_The task_
Beginning with the line of the entries below that holds "Pharmacie Vantine" and ending with the line that holds "DISCOAT（ディスコート", transcribe each line exactly as written. Pictures stay out.

_Data for analysis_
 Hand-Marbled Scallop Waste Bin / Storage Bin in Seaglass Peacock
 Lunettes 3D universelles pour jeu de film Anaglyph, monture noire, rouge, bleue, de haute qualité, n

* * *

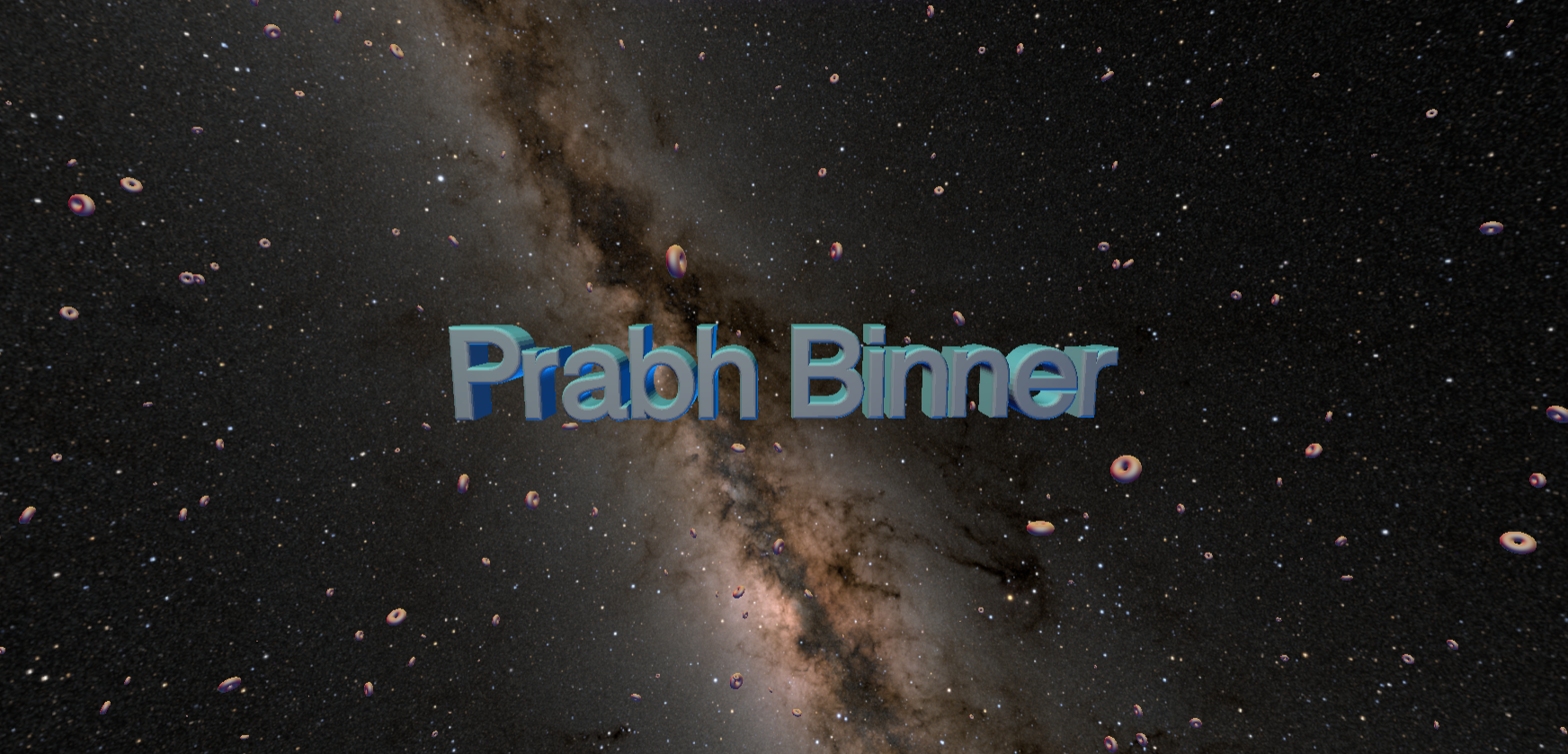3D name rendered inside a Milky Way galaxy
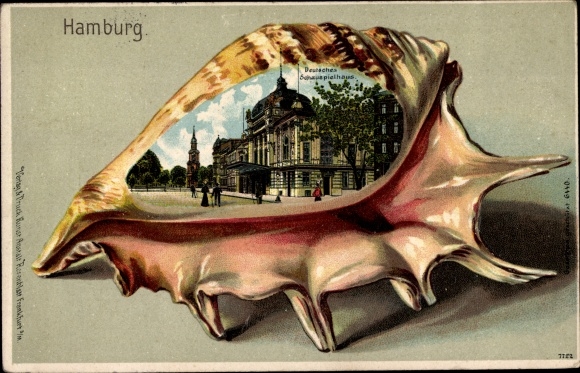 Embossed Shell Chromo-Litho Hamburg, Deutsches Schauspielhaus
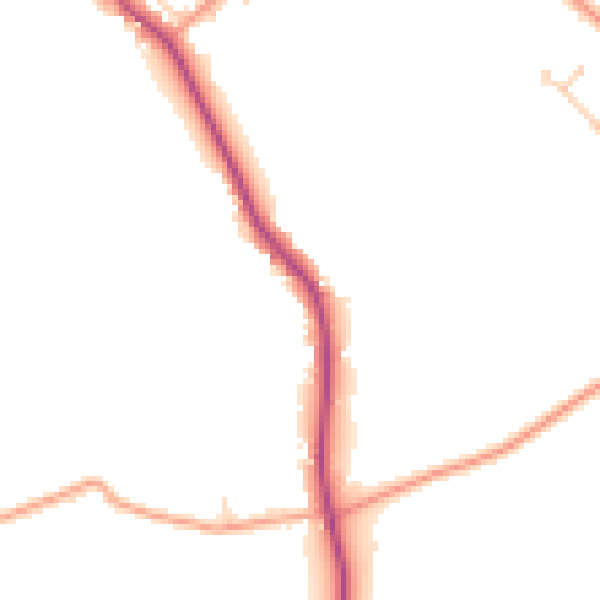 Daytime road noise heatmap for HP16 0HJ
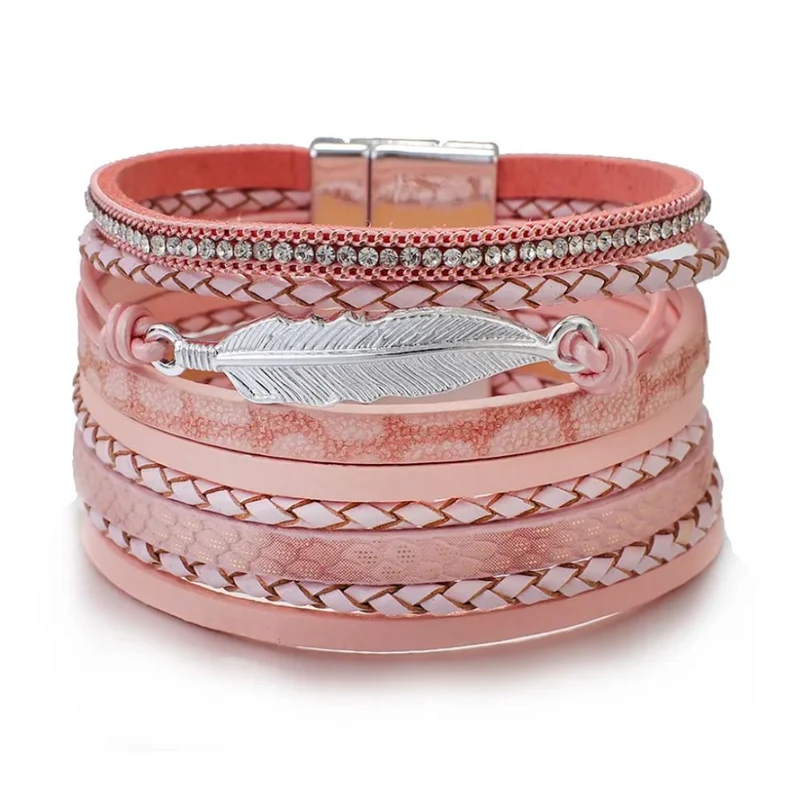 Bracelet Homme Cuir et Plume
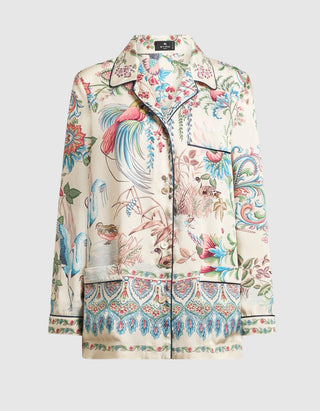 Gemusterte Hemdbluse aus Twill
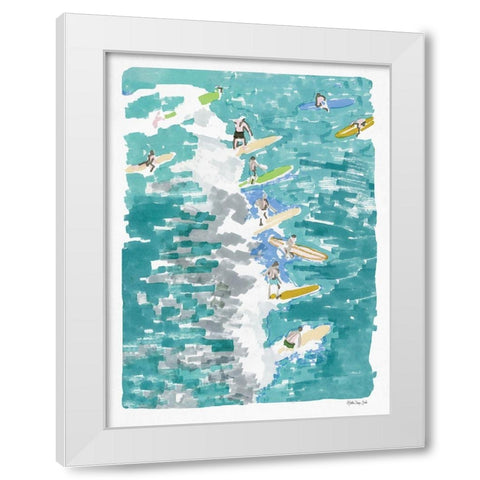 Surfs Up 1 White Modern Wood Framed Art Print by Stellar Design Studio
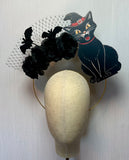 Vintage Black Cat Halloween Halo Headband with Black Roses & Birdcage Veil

---

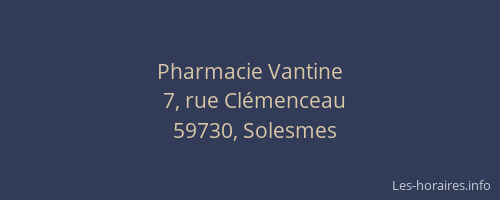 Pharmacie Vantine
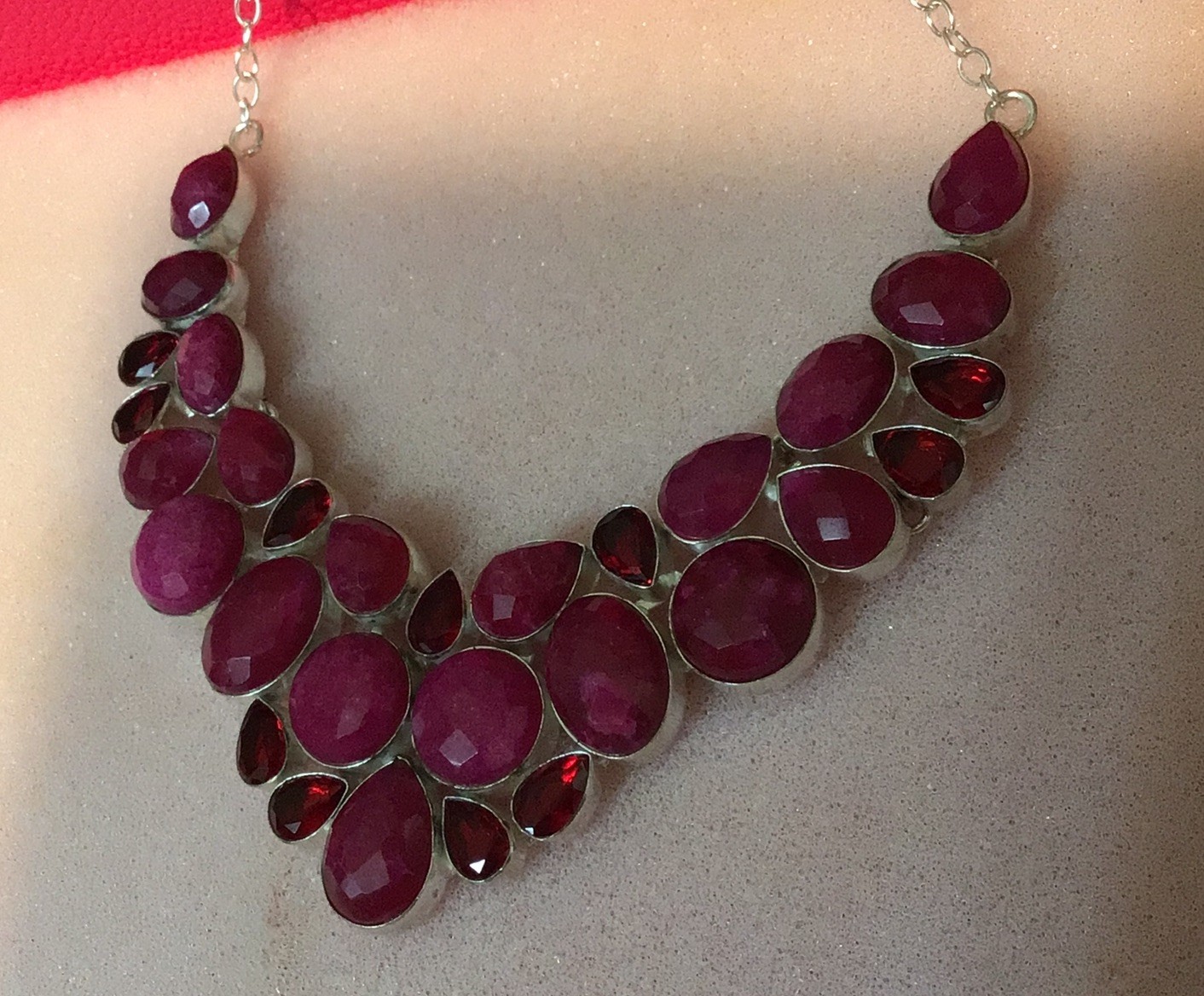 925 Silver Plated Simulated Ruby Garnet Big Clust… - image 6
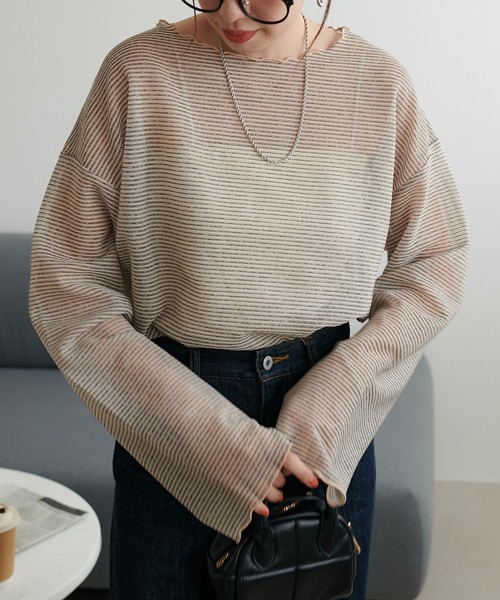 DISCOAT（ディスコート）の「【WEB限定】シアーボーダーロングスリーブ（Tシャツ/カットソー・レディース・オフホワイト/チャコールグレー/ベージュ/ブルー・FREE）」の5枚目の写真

_The answer_
 Pharmacie Vantine
 925 Silver Plated Simulated Ruby Garnet Big Clust… - image 6
 DISCOAT（ディスコート）の「【WEB限定】シアーボーダーロングスリーブ（Tシャツ/カットソー・レディース・オフホワイト/チャコールグレー/ベージュ/ブルー・FREE）」の5枚目の写真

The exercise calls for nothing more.